Exactly as they appear, copy the lines of the listing from the one containing "Vampirella #14 1:25" through the final line, both included, and nothing else.

╭──

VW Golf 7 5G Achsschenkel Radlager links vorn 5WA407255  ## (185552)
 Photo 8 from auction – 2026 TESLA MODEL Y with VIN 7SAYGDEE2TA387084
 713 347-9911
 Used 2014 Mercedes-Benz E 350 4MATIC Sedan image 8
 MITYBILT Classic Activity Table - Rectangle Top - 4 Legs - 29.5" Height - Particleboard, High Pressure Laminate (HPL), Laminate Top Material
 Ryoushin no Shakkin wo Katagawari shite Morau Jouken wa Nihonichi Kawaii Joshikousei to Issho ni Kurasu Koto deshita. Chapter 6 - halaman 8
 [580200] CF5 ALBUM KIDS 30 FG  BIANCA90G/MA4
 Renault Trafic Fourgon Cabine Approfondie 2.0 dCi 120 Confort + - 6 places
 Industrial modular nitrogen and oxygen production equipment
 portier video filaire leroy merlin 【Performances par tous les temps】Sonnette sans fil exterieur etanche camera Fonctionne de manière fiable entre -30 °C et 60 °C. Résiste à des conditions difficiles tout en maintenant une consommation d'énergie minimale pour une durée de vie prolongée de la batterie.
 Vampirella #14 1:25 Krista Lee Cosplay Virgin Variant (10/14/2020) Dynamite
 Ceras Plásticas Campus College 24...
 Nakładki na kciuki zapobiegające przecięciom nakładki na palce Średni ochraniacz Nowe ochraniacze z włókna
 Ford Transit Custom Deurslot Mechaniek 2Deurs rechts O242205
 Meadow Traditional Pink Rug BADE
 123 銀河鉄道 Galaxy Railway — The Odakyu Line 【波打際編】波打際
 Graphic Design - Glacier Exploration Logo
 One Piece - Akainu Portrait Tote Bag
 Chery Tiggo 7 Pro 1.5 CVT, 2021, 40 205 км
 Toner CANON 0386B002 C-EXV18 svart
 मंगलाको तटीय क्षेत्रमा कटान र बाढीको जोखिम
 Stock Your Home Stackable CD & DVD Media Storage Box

╰──

_Solution_.
 Vampirella #14 1:25 Krista Lee Cosplay Virgin Variant (10/14/2020) Dynamite
 Ceras Plásticas Campus College 24...
 Nakładki na kciuki zapobiegające przecięciom nakładki na palce Średni ochraniacz Nowe ochraniacze z włókna
 Ford Transit Custom Deurslot Mechaniek 2Deurs rechts O242205
 Meadow Traditional Pink Rug BADE
 123 銀河鉄道 Galaxy Railway — The Odakyu Line 【波打際編】波打際
 Graphic Design - Glacier Exploration Logo
 One Piece - Akainu Portrait Tote Bag
 Chery Tiggo 7 Pro 1.5 CVT, 2021, 40 205 км
 Toner CANON 0386B002 C-EXV18 svart
 मंगलाको तटीय क्षेत्रमा कटान र बाढीको जोखिम
 Stock Your Home Stackable CD & DVD Media Storage Box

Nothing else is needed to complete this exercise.